Most people fly into Cyprus, arriving at either one of the island’s two International Airport. Airfares depend on season; you’ll pay the highest fares in peak season (June – August) and you’ll get the best prices in low season.
There are daily flights from all the major UK airports to Paphos and larnaca International Airport. Flight times are in range of 4.5 hours and you can find flights from all the London airports. The following airlines (but not limited to) fly to Cyprus:
Larnaca International Airport
Laraca International Airport is the main airport for Cyprus. Travel distance to Paphos is 1.5 hours and you can reach Nicosia in 50 minutes.
Pathos International Airport
Pathos International Airport is approximately 12km from Paphos and well served by bus and taxi network.

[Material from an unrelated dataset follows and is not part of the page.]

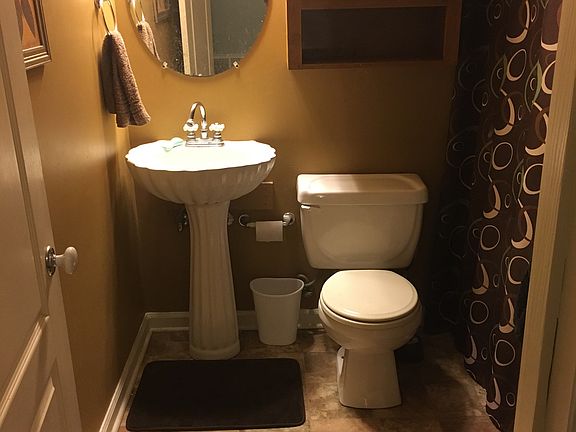 Upstairs full bathroom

It is not possible to fly directly from the UK to the northern part of Cyprus. Under the terms of the International Convention on Civil Aviation of 1944, flights can only operate legally to the international airports designated by the Republic of Cyprus.
Crossing the ‘Green Line’
A buffer zone, known as the ‘Green Line’, was established following hostilities in 1974. It is patrolled by UN peace keeping forces, dividing the island from the coast north west of Morphou through Nicosia to Famagusta. It is possible to visit the northern part of Cyprus by using any one of the official crossing points on the ‘Green Line’. There are no longer any restrictions on how long you can stay in the northern part of Cyprus if you cross over.
The crossing points are:
Ledra Palace in central Nicosia (Pedestrians Only)

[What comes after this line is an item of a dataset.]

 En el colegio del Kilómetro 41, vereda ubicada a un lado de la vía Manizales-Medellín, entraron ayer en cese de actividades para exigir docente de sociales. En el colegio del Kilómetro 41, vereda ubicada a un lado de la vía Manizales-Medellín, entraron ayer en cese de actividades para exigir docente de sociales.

Ledra Street in central Nicosia (Pedestrians only)
Agios Dometios in Nicosia
Limnitis in the hills above Kato Pygros
Plya to cross into the north from Larnaca
Astromeritis near Morphou
Strovila is the easternmost crossing point
There are no strict border formalities for EU citizens at the green line but you’ll need your passport. You’ll not get a stamp on your passport but on an accompanying document.